Top of INPUT DATA

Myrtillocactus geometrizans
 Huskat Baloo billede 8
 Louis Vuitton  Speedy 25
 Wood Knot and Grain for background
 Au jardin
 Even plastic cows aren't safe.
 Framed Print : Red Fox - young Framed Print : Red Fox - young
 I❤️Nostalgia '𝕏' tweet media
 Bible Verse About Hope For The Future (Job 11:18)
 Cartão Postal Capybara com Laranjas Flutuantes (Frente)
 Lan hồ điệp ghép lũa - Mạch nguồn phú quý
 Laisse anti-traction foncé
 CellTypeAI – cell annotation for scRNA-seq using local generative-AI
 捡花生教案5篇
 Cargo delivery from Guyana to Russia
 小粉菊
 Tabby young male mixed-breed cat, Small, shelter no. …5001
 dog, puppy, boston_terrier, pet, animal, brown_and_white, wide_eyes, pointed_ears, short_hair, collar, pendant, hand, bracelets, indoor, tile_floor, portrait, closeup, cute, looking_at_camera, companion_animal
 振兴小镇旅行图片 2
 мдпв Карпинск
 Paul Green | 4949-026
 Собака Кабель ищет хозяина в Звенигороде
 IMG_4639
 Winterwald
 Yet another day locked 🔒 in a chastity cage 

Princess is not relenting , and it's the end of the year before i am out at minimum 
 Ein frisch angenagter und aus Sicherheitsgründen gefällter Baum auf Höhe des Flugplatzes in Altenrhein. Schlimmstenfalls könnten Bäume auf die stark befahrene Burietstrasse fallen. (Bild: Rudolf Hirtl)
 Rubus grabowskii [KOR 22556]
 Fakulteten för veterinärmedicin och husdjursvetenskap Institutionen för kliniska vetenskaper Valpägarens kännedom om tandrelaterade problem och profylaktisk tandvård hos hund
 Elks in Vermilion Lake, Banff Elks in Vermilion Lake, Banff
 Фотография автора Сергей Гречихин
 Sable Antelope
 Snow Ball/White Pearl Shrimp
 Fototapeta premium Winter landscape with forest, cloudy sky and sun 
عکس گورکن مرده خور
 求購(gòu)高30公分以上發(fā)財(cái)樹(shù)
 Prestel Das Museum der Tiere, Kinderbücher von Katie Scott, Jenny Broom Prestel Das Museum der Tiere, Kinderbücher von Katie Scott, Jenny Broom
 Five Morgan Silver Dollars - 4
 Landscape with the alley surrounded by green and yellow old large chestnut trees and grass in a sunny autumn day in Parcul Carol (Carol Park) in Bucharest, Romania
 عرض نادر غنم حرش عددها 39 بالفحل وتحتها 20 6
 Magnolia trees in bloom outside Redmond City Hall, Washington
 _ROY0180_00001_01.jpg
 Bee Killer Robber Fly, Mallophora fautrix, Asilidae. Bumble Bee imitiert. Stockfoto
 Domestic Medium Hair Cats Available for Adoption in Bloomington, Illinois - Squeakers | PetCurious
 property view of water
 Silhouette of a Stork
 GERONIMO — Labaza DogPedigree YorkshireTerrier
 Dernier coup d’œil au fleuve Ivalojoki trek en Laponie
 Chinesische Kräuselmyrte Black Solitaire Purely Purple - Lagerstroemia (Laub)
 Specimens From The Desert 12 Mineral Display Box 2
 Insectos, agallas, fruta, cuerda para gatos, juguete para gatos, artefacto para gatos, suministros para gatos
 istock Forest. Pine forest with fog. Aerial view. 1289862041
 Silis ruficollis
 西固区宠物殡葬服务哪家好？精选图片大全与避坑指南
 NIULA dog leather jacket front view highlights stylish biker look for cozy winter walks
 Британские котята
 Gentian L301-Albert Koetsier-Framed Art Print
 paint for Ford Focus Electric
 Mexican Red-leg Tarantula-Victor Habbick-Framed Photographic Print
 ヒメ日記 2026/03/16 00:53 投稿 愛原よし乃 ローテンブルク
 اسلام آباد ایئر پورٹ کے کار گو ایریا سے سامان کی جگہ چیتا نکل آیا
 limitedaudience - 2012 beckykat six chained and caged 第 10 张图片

Bottom of INPUT DATA

What is the number of lines in the listing above that contain the word "Print"? Reply with that number alone.

#### OUTPUT OF THE TASK
3